Data Science for a Smart News Experience
This article is about how data science and Google’s DNI Fund helped NZZ, Switzerland’s newspaper of record, on its quest to become a truly data-driven publisher.
One of the most exciting places for data scientists to be these days is not the Googles and Facebooks and Ubers of the world, but companies like The Washington Post, The New York Times or Neue Zürcher Zeitung — traditional publishers, reinventing their roles in a digital society, while their old business model is eroding. Make no mistake, transforming traditional media companies to be more data-savvy companies is literally a matter of life or death.
A news stream that upholds journalistic standards and still increases relevance through personalization.
One particular area within news publishing that can greatly benefit from a more data-driven approach is content distribution. How can we help our readers to be better and more efficiently informed using data and algorithmic technologies? Contrary to many other personalization efforts in e-commerce or advertisement, our aim at NZZ is not to provide recommendations that are optimized to increase click rates. Rather we have been looking into engineering a personal news stream that upholds journalistic standards. A news stream that can be best defined as a personal news companion.
Data-Driven. From the beginning.
From today’s perspective this idea seems obvious, as everyone in the media business is talking about personalization. However, back in 2015, when we started brainstorming innovation projects, the idea for a personalized news stream was not quite as obvious, and really emerged from a few observations we made at NZZ:
- The vast majority of article views come from our landing page. And this is even true for subscribers. What does that mean? It means that apparently people rarely bother to actually browse through the department pages and prefer one “feed” for their daily news consumption. And currently this feed is optimized in a “statistical sense”: articles, which will be relevant to most people, potentially having the most reach, will be featured. Even if most = 51% of all readers.

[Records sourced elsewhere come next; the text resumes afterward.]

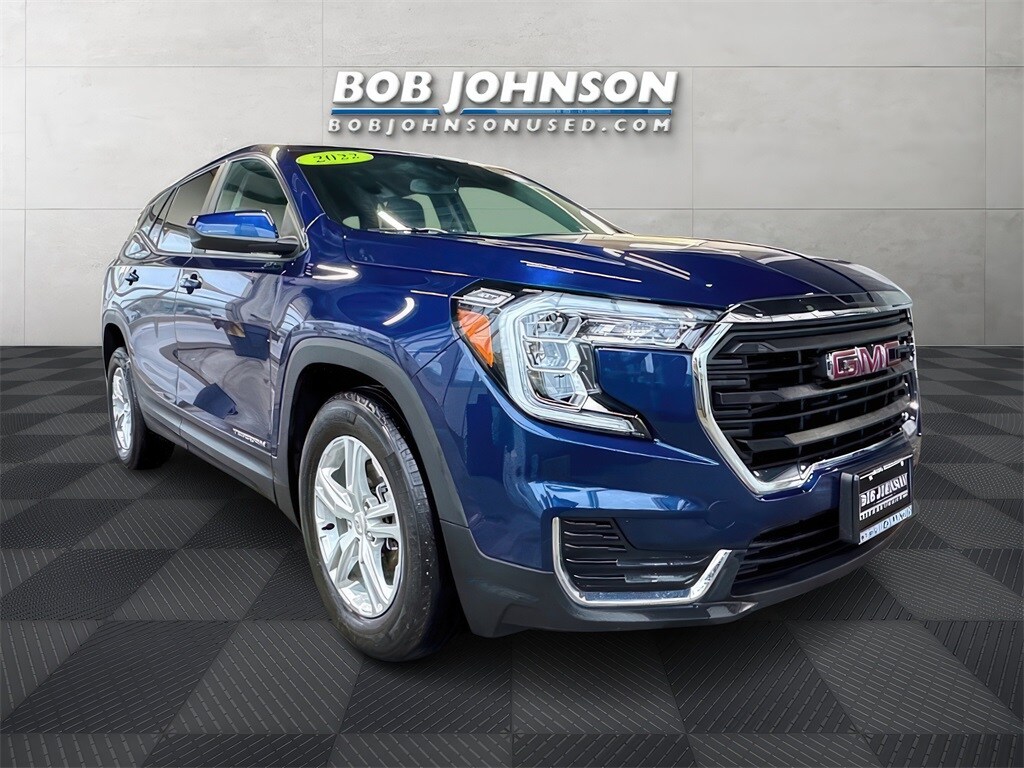 Used 2022 GMC Terrain SLE with VIN 3GKALMEV7NL223335 for sale in Rochester, NY
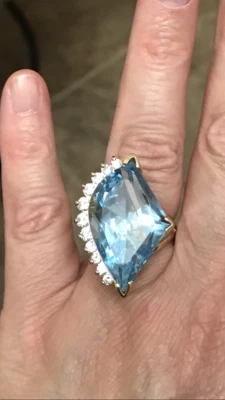 14K  Y/G RING;BLUE TOPAZ NATURAL STONE 30 CTS PLUS!  1C DIAMONDS, SIZE 71/4 - Image 1 of 4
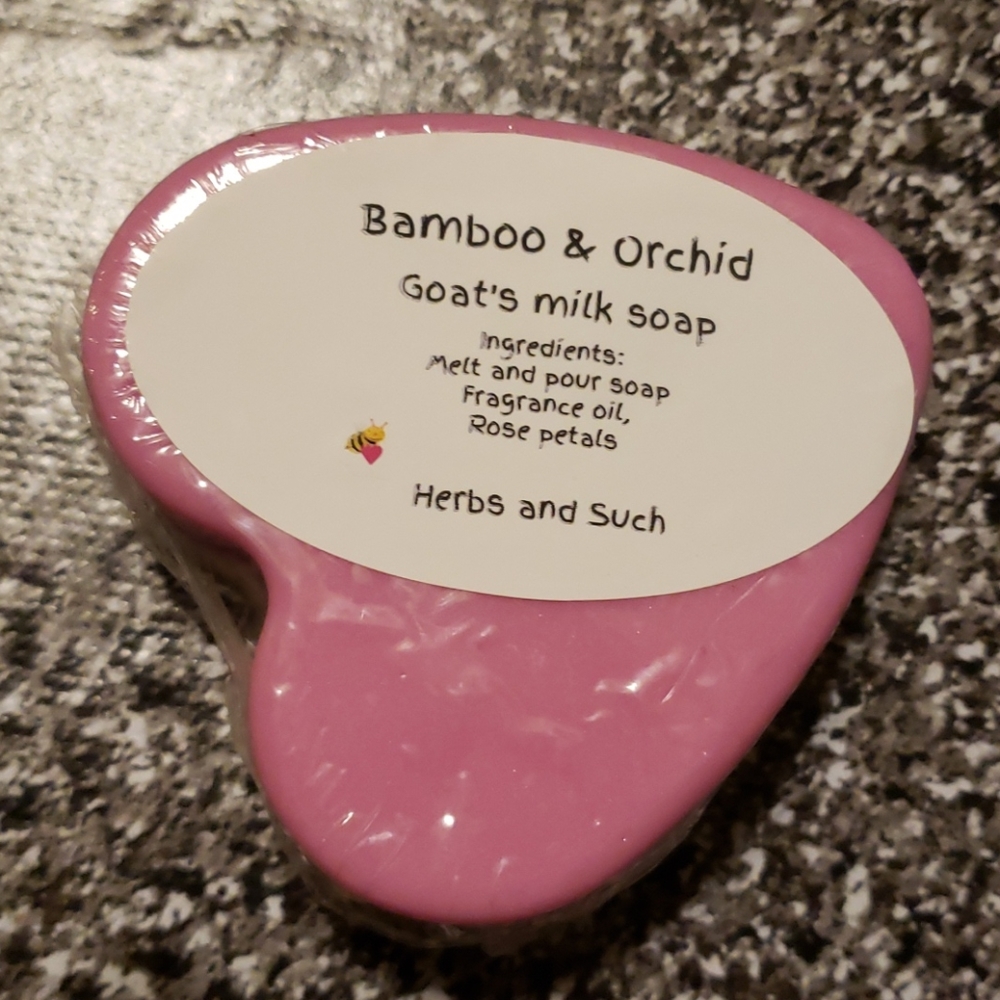 Goat's milk soap w/Bamboo & Orchid scent - Picture 4 of 4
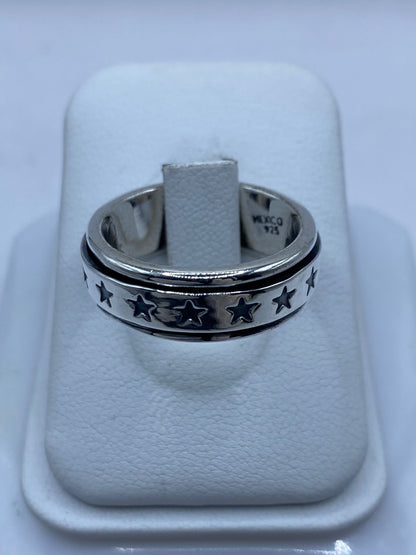 Anillo Giratorio de Plata 925 con Diseño de Estrellas, vista lateral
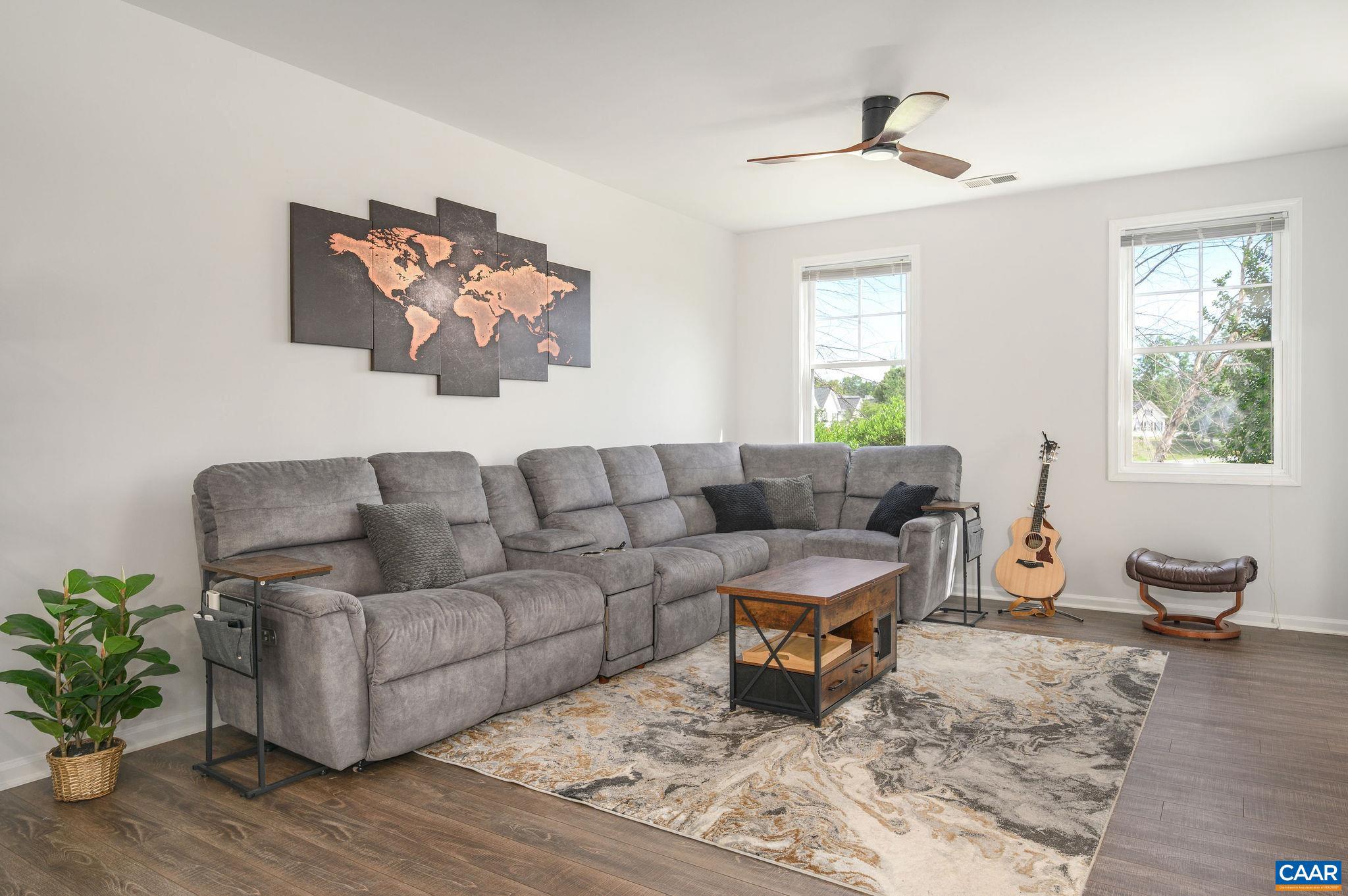 SYCAMORE SQUARE - Residential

- Landing pages are highly volatile. If you are not constantly browsing the landing page of your favorite news site, due to the rapidly changing selection of features articles on that very limited space, you’ll be missing out on a lot of interesting stories — this especially includes the ones that might be relevant to you.
- There is no “the reader”. Every reader is different. And every reader values different aspects of the journalistic service we provide. It’s our job to help you, personally, to be well informed. And this means also to provide a news selection that fits your personal understanding of relevance.
- There is no “one interest”. Even if we look at an individual level of readers, there is no “one interest”. Interest, and what readers consider relevant, is dynamic. In the morning you might be only reading the finance news, in the evening only sports, and on the weekend maybe mostly arts and culture. And to make things worse: it’s not only time, but context in general that determines the reader’s current information need.
- Mobile First = Small Screens First. This is a huge challenge. And one that I find is always underestimated when talking about mobile first. Physical newspapers have the advantage of space. In a fraction of a second my eye scans all the article headers on a page and my brain decides which articles to actually read. It’s perfectly efficient. On a large enough monitor, given a suitable page layout, this will work as well (and epapers are good examples of that), but on a small mobile screen: no chance. The linear stream is the only thing that is technically feasible. This implies that the selection of articles we show our readers is absolutely key to user satisfaction. Our readers are not going to scroll/swipe for 15 seconds until they find something interesting.
NZZ News Companion & Beyond
In 2016 we were lucky to receive a Google Digital News Initiative grant to start working on this vision, the NZZ News Companion. For us, the NZZ News Companion is the archetypal smart media product: providing everyone with their own smart, adaptive and context-aware news stream. Perfect information. No unnecessary distraction, but also no filter bubble — a news stream that is highly relevant and upholds journalistic standards.
However, from a technical perspective, this personalized news stream is only part of the story. We see the NZZ News Companion in a wider picture of what I call data products for smart content-delivery. Smart products are basically services that help us to automate and optimize content distribution using data:
- Personalized content curation. This includes all-in-one news streams like the personal news companion, personalized newsletters, personalized push, etc.
- Group-based automatic content curation. Based on certain interest groups, we can automatically curate our content. One example are recommendations for certain geographic groups, which we do very successfully already in case of our growing German readership.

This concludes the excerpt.